Walaupun manusia berasal dari materi alam dan dari kehidupan yang terdapat di dalamnya, tetapi manusia berbeda dengan makhluk lainnya dengan perbedaan yang sangat besar karena adanya karunia Allah yang diberikan kepadanya yaitu akal dan pemahaman.
Pada mulanya manusia purba hidup secara berpindah-pindah (nomaden). Mereka hidup dari satu pohon ke pohon yang lain atau dari satu gua ke gua yang lain, hal itu dilakukan dengan tujuan agar sumber daya alam tetap terjaga. Mereka hanya memanfaatkan sumber daya alam untuk memenuhi kebutuhannya, seperti sayur-sayuran, buah-buahan dan biji-bijian, mereka juga pandai dalam berburu.
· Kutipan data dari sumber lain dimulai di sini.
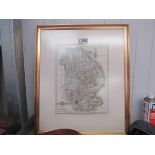 A late 18th Century map of Lincolnshire in a gilt frame
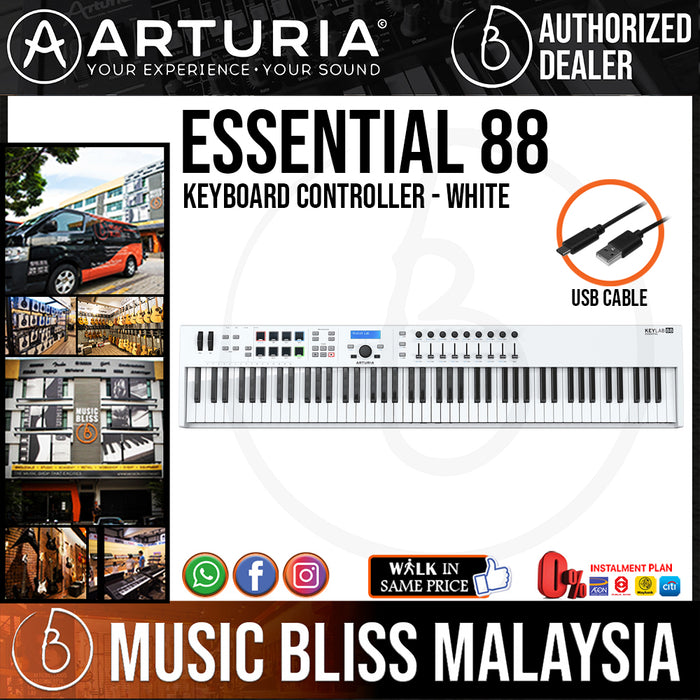 Arturia Keylab Essential 88 Keyboard Controller - White - Music Bliss Malaysia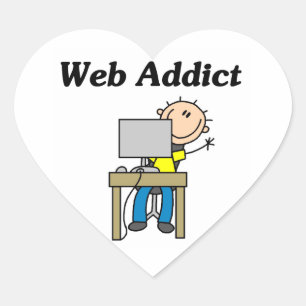 Web-Süchtiger Herz-Aufkleber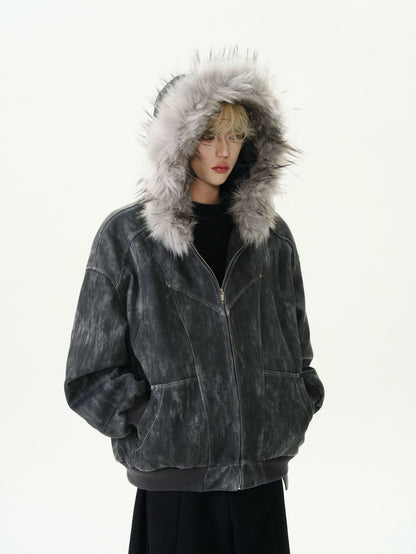 Padded men's winter jacket with hood and faux fur collar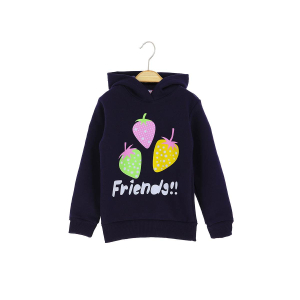 Комплект тринитка з капюшоном та полуничним принтом для дівчаток 1-4 роки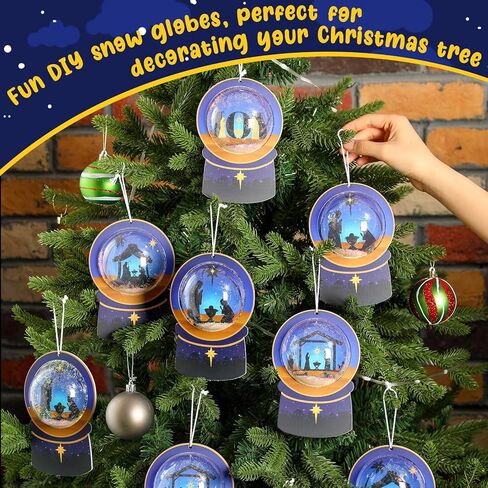 24 Set Christmas Nativity Snow Globe Craft Kit DIY Make Your Own 3D Jesus Birth Snowglobe Hanging Ornament with Glitter Sequins Papers for Home School Xmas Holiday Religious Decor in Saudi Arabia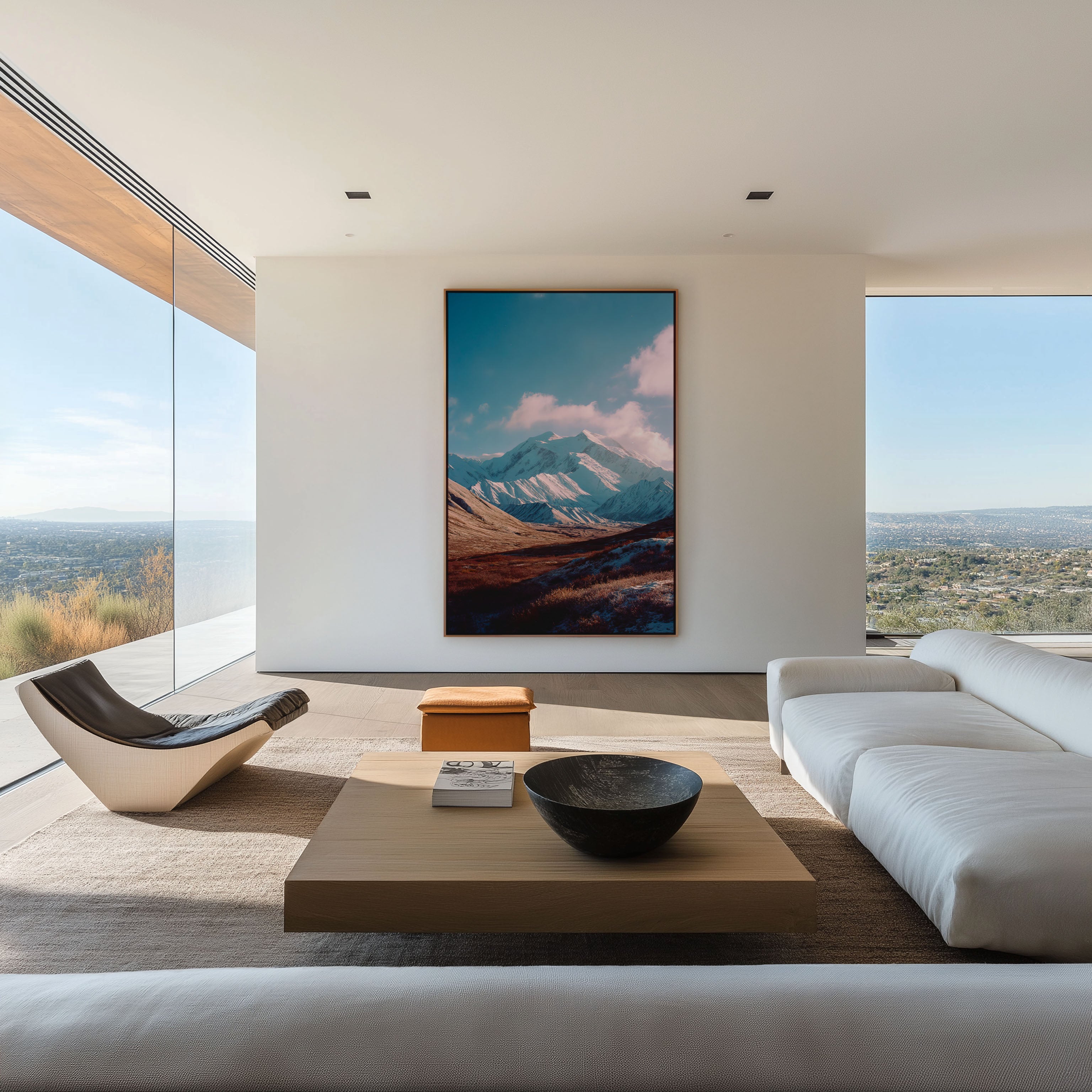 Snow Mountain Landscape Wall Art Print | Alpine Scenic Canvas Decor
Pada tahap selanjutnya manusia purba mulai bercocok tanam  mengolah lahan dan berburu. Perkembangan selanjutnya manusia purba mulai menetap disuatu wilayah dan membangun peradabannya.
Homo erectus barangkali adalah manusia pertama yang menguasai penggunaan api. Orang-orang ini juga telah menggunakan pakaian. Dengan berpindah ke utara dan berjumpa dengan dinginnya musim dingin mereka membutuhkan api dan pakaian.[12]
Untuk mempermudah melakukan aktivitasnya, manusia purba mulai membuat peralatan-peralatan dari batu yang bervariasi, misalnya kapak tangan dari batu. Peralatan batu tersebut digunakan untuk memotong binatang, memasak, mengupas kulit binatang, dan mengukir kayu. Neanderthal adalah manusia pertama yang menguburkan mayat mereka.
Transisi ke perilaku modern dengan perkembangan budaya simbolik, bahasa, dan teknologi batu terjadi sekitar 50.000 tahun yang lalu menurut banyak antropolog meskipun ada beberapa antropolog meyakini perubahan kebiasaan tersebut terjadi bertahap dalam jangka waktu yang lebih lama.
Dengan dimulainya pemukiman menetap, sekitar 2.500 tahun yang lalu, maka kehidupan spiritual mulai berkembang. Muncullah kepercayaan animisme dan dinamisme.[13]
Dalam memenuh kebutuhan hidupnya manusia berinteraksi dengan manusia lain. Dari interaksi-interaksi yang dilakukan manusia tersebut maka timbullah sebuah komunitas yang terindependen (saling tergantung satu sama lain) yang disebut masyarakat. Umumnya, istilah masyarakat digunakan untuk mengacu sekelompok orang yang hidup bersama dalam satu komunitas yang teratur.[14]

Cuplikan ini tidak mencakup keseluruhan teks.